Prezentacja ciała. Body positivity w praktyce kontra wieczne niezadowolenie ze swojej sylwetki
Hiszpanki często wykazują większy luz w kwestii tego, jak prezentują swoje ciała. Zjawisko to można zauważyć na plażach, gdzie kobiety nie boją się odsłaniać, a gołe piersi nie są uznawane za kontrowersyjne czy przesadnie seksualizowane. W Hiszpanii istnieje też silna tradycja ruchów na rzecz body positivity. Co prawda w Polsce, w ostatnich latach, ruch ten przybiera na sile, ale do zmiany starych przekonań jeszcze sporo brakuje. Hiszpanka bez problemu założy crop- top, nawet jeśli nie ma wyrzeźbionego brzucha, Polka raczej nie. A szkoda.
Hiszpanki cieszą się z tego, kim są i co posiadają. Polki dążą do (przesadnej) perfekcji
Osobiście doświadczam tych wszystkich różnic w codziennym życiu. Kiedy rozmawiam z moimi hiszpańskimi koleżankami o ich relacjach i życiu intymnym, czuję, że mają w sobie luz i otwartość. Tego brakuje mi w rozmowach z Polkami. Z Hiszpankami mogę bez skrępowania poruszać różne aspekty życia. Mówimy o tym, jak się czujemy w swoich ciałach, jakie mamy pragnienia i jak walczymy z presją otoczenia.
Z kolei rozmowy z Polkami często koncentrują się na wyzwaniach, z jakimi się zmagamy, a także na tym, jak poprawić swoje życie i osiągnąć sukces. Choć te rozmowy są ważne i wartościowe, czasami brakuje w nich luzu i akceptacji, które są tak widoczne w moich relacjach z hiszpańskimi koleżankami.
Mimo iż uważam, że dążenie do (w zdrowym sensie) ulepszania siebie, jest postawą jak najbardziej godną podziwu, to czasem dobrze sobie odpuścić. Wierzę w to, że wywieranie na sobie nieustannej presji przynosi efekt odmienny od tego, którego oczekujemy. Nie stajemy się “lepsze", ale popadamy w coraz to większe kompleksy, bo ktoś zawsze “ma lepiej". Z kolei niejednokrotnie widziałam, że moje polskie koleżanki są poirytowane otwartą i samoakceptacyjną postawą Hiszpanek. Myślę, że wynika to z wewnętrznej złości, bo... my tak nie potrafimy. I faktycznie - nie potrafimy.
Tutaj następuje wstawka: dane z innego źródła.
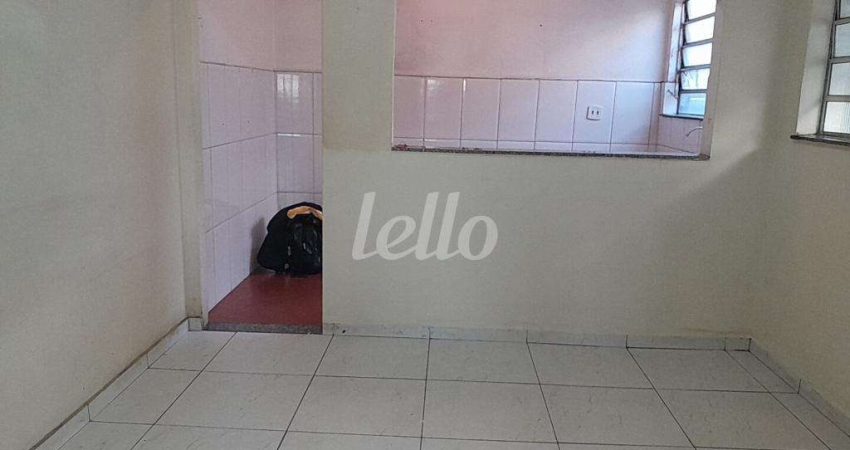 Casa com 2 quartos para alugar na Avenida Alcântara Machado, --, Brás, São Paulo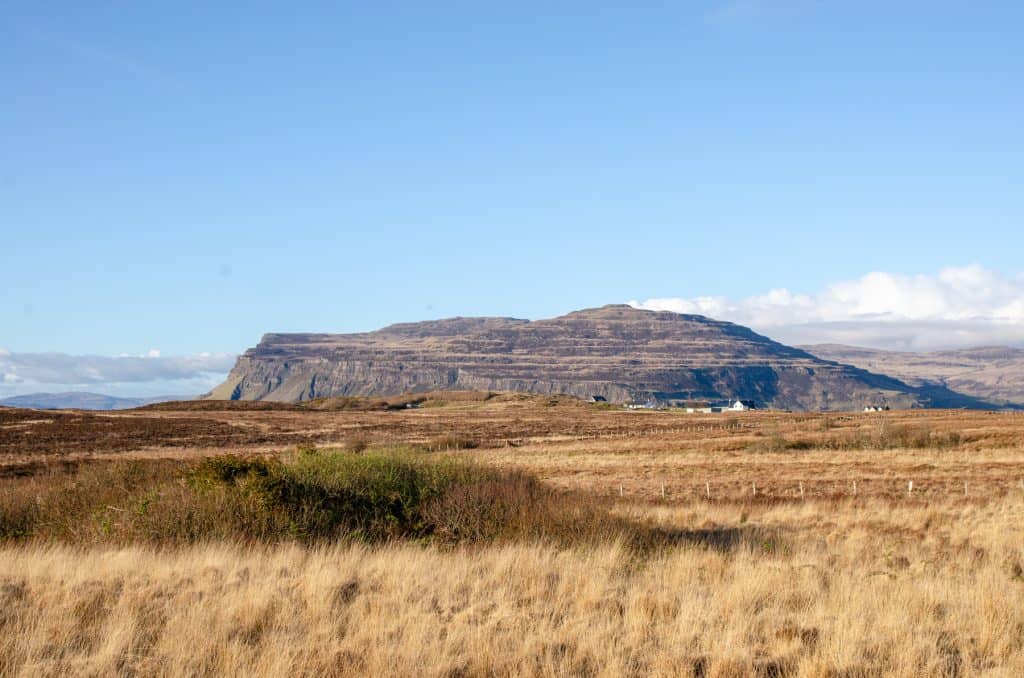 Views at the cliff on the Isle of Mull on a sunny day.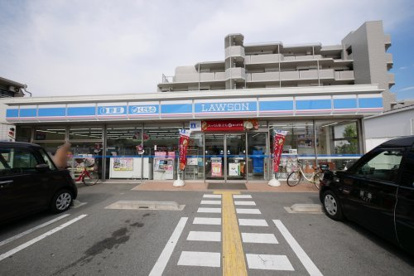 ローソン 伊丹大鹿七丁目店の画像1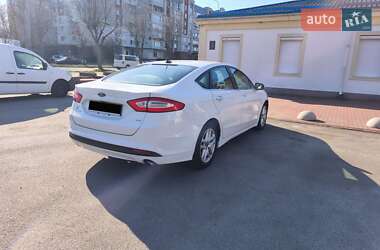 Седан Ford Fusion 2014 в  фото 6 Седан Ford Fusion 2014 в
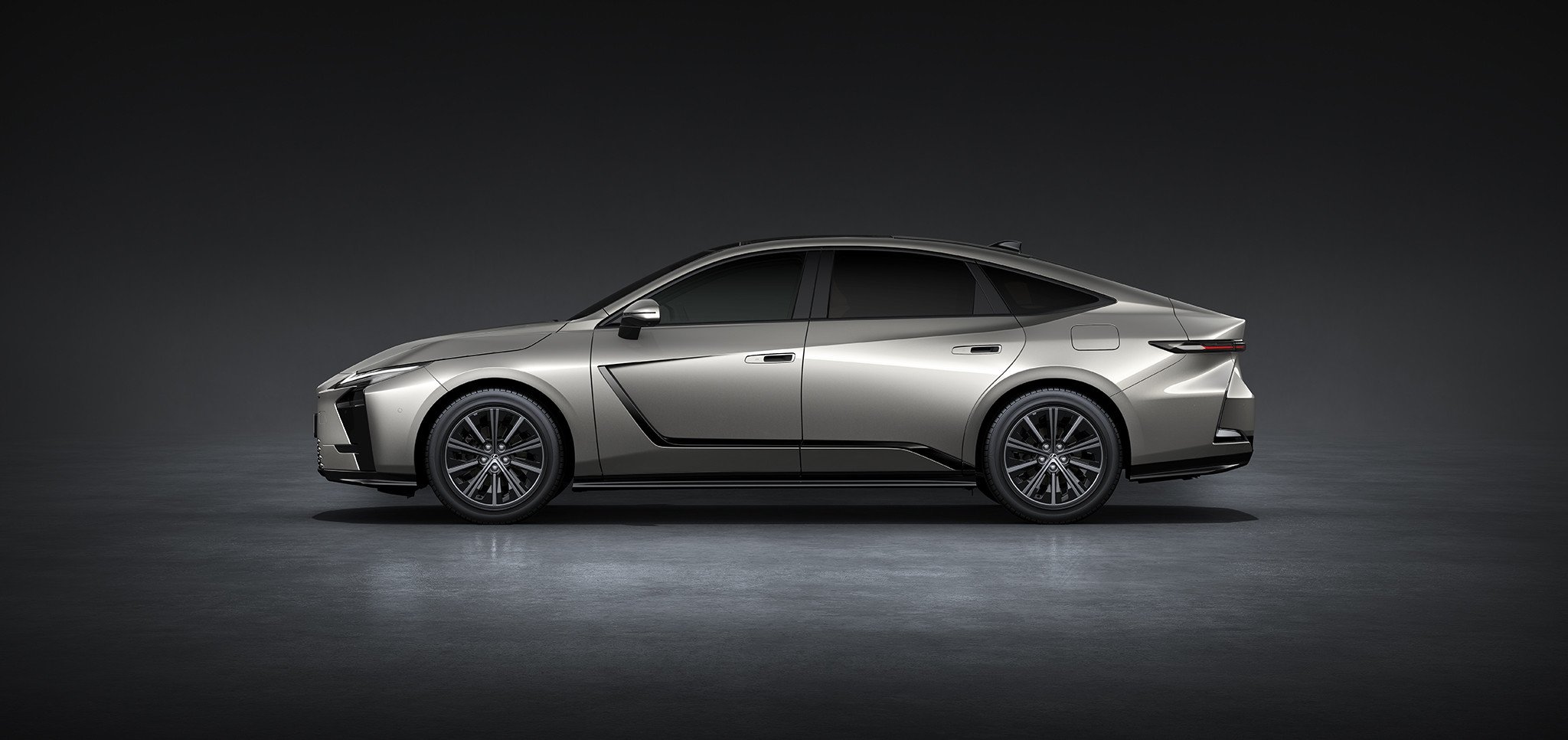 Lexus ES 2025: más grande, más lujoso y ahora también con versiones eléctricas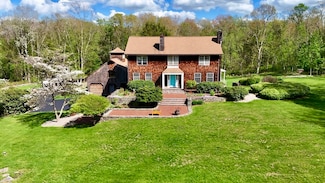 320 Chestnut Hill Rd, Millville, MA 01529
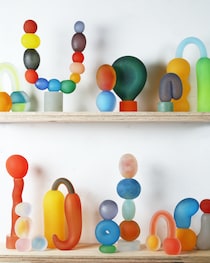 無垢な心を刺激する、自然物のようなガラス作品。高橋漠の個展「Grown Objects」が東京・千駄ヶ谷の『Playmountain』で5月16日より開催。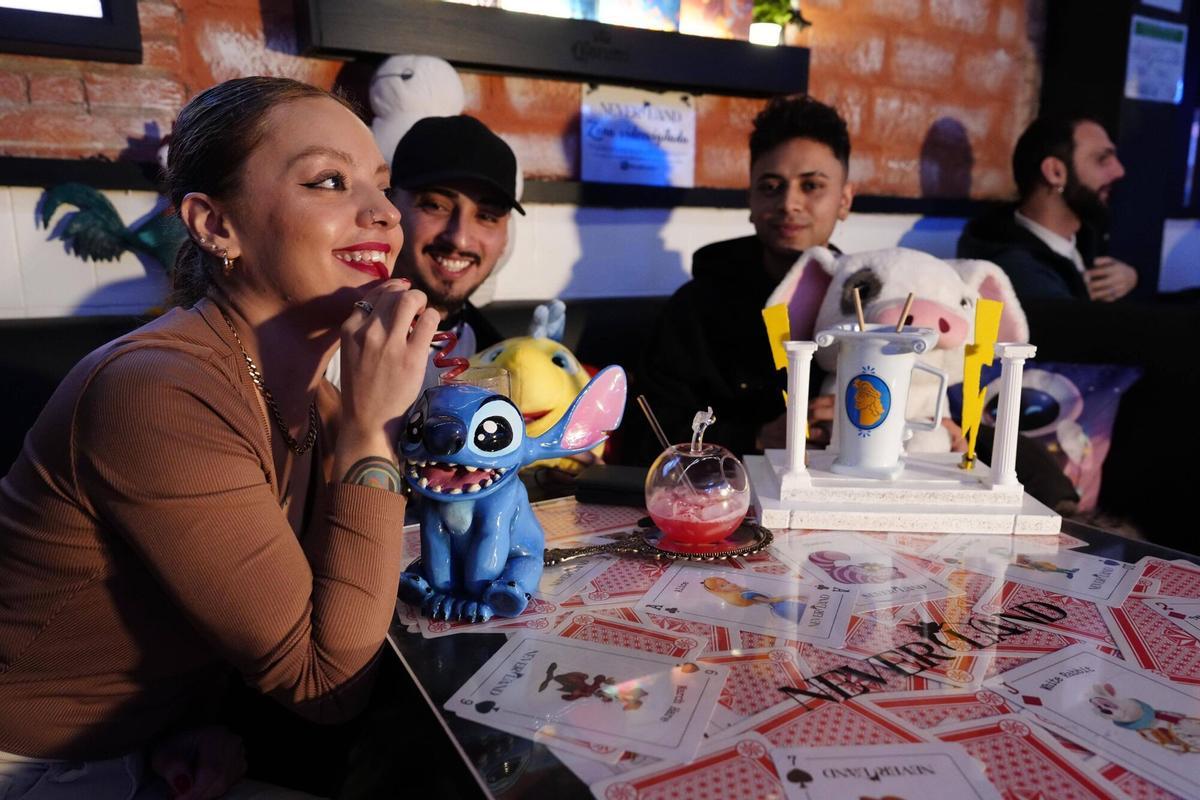 Barcelona 19/02/2026 NEVERLAND : coctelería ambientada en Disney Fotografía de Ferran Nadeu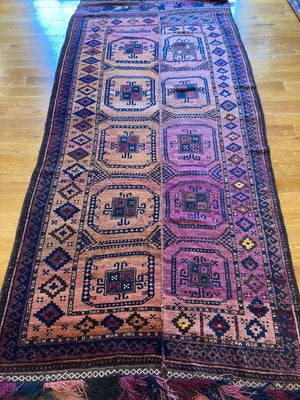 10'11" X 4'8" Tribal Long Rug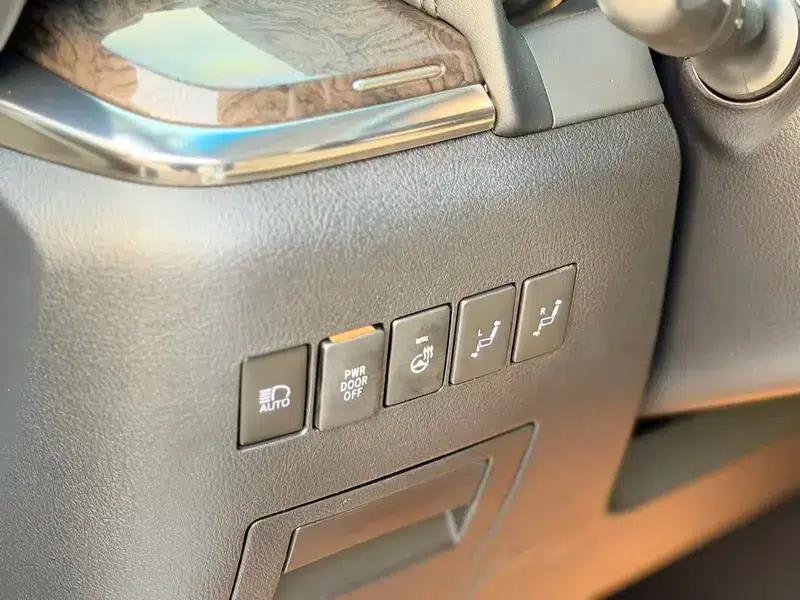 2020 Alphard Hybrid 2.5L HV Premium Edition — миниатюра 13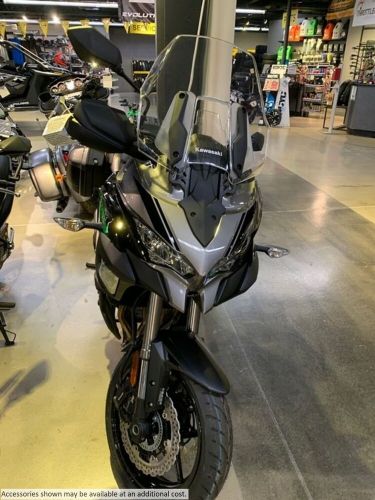 2023 Kawasaki Versys 1000 SE LT+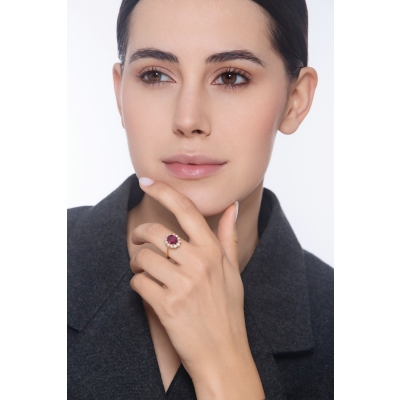 Anello contorno in oro giallo 18k con rubino e diamanti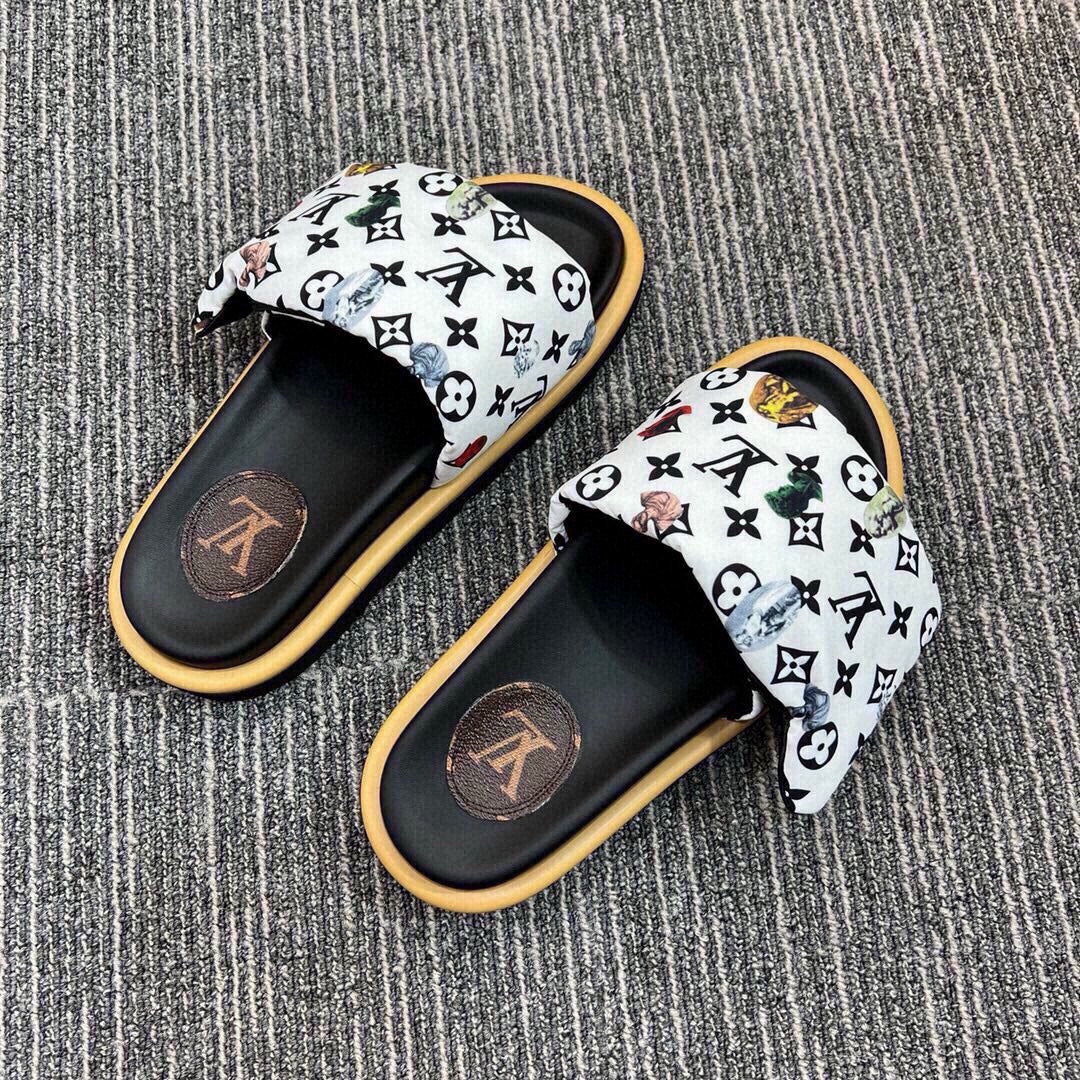 5QE12ZDE Stylish Slippers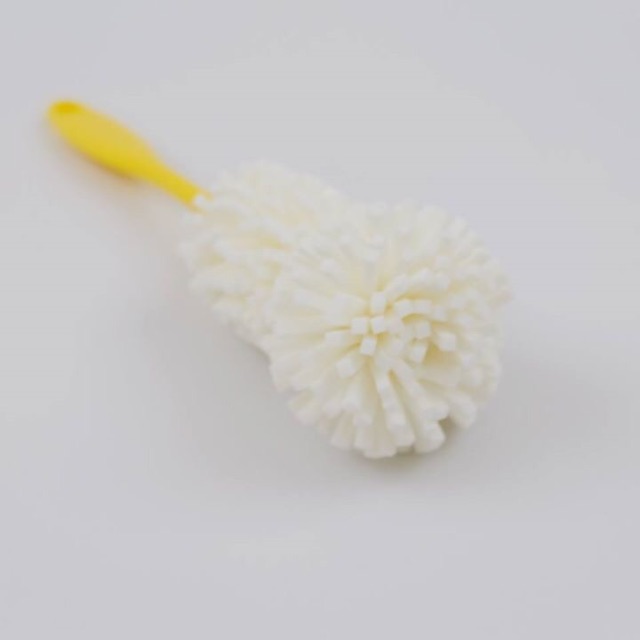 Cọ mút Daiso Nhật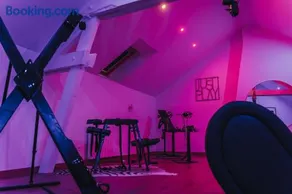 Love Room - La Villa Monroe - Un écrin de volupté épicée - Image 1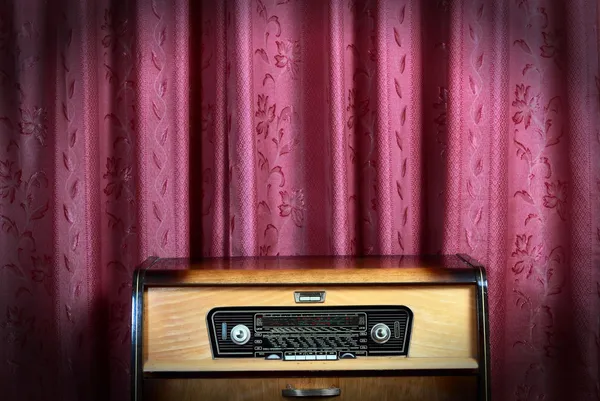 Oude vintage radio op rode achtergrond 2 Stockfoto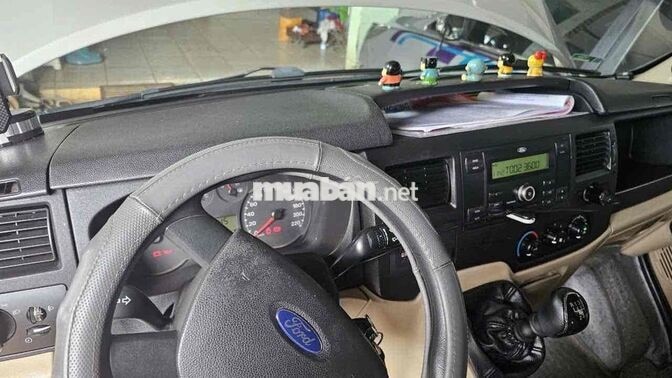 Ford Transit 2017 Vàng cát Xe khách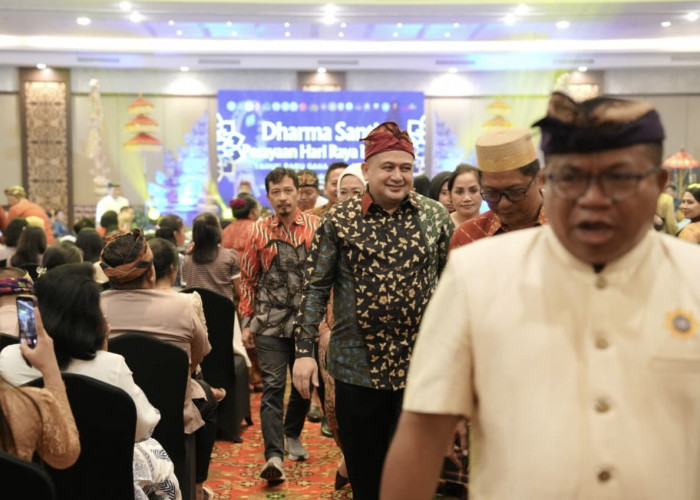 Hadiri Dharma Santi Nyepi, Wali Kota Munafri Tekankan Toleransi sebagai Kekuatan Pembangunan 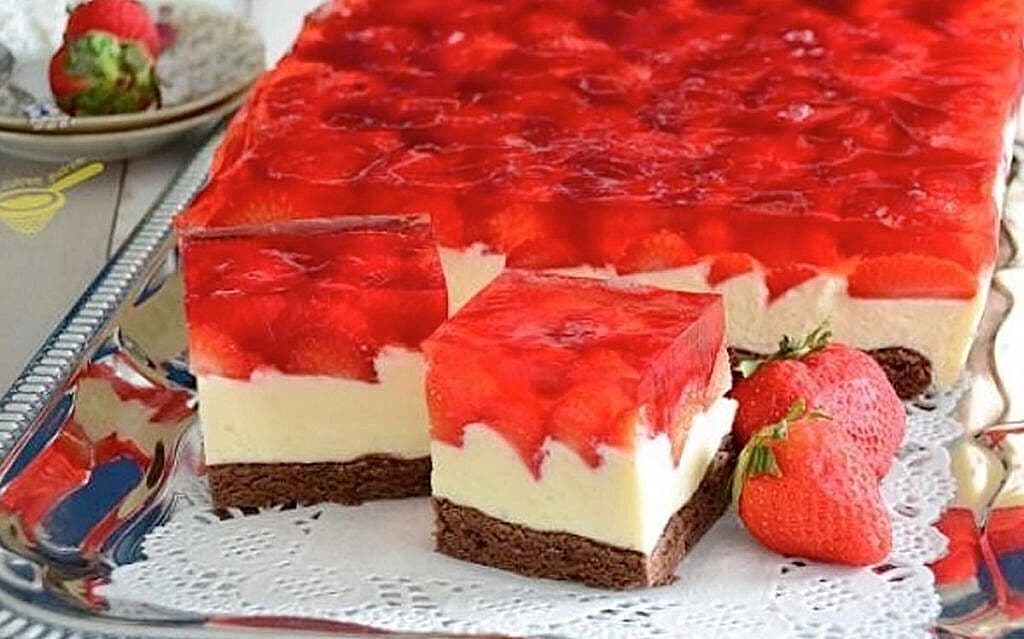 Titelbild für Erdbeerkuchen mit Quark & Mascarponecreme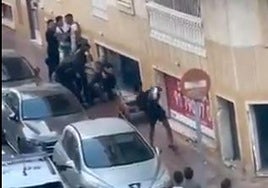 Un joven lanza una bolsa de basura contra los agentes de Torrevieja.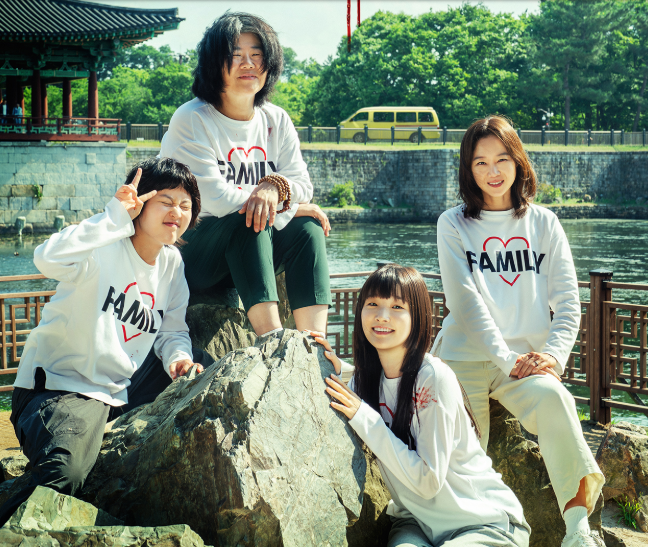 Nụ cười trong poster thứ hai che giấu bí mật đằng sau hành trình đến Gyeongju.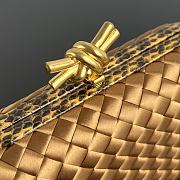 Kitlife Bottega Veneta Knot Minaudiere Clutch Snakeskin Gold Trim with Knot Buckle 20x12x5.5cm - 2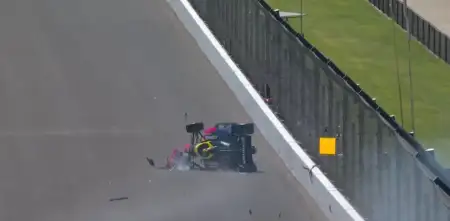 IndyCar: escalofriante accidente de Kyffin Simpson en Indianápolis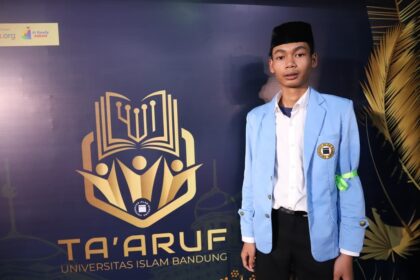 Unisba Sambut Wisaam Addar Hasan Pasaribu, Mahasiswa Termuda Angkatan 2025/2026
Ale możemy przynajmniej próbować. Ja próbuję.
Podsumowując, moim zdaniem różnice między Polkami a Hiszpankami, wynikają z głównie z odmiennych wartości kulturowych, które są nam wpajane, jak i historycznych doświadczeń. Hiszpania, otwarta na różnorodność i akceptację, daje swoim obywatelkom możliwość swobodnego wyrażania siebie. W Polsce, pomimo postępów w ostatnich latach, nadal można zauważyć silne wpływy tradycyjnych wartości, które kształtują nasze podejście do ciała i relacji. Jestem przyzwyczajona do postawy “polskiej dziewczyny", ale uważam, że obcowanie z Hiszpankami i mieszkanie w tym miejscu wnosi do mojego życia wiele pozytywów. Najważniejszym jest to, że czasem jestem w stanie sobie odpuścić.
*Instytut Badań Społecznych w Warszawie: W badaniach przeprowadzonych w 2020 roku na grupie młodych kobiet w wieku 18-30 lat, 62% respondentek zadeklarowało, że czuje się niepewnie rozmawiając o swoich potrzebach seksualnych.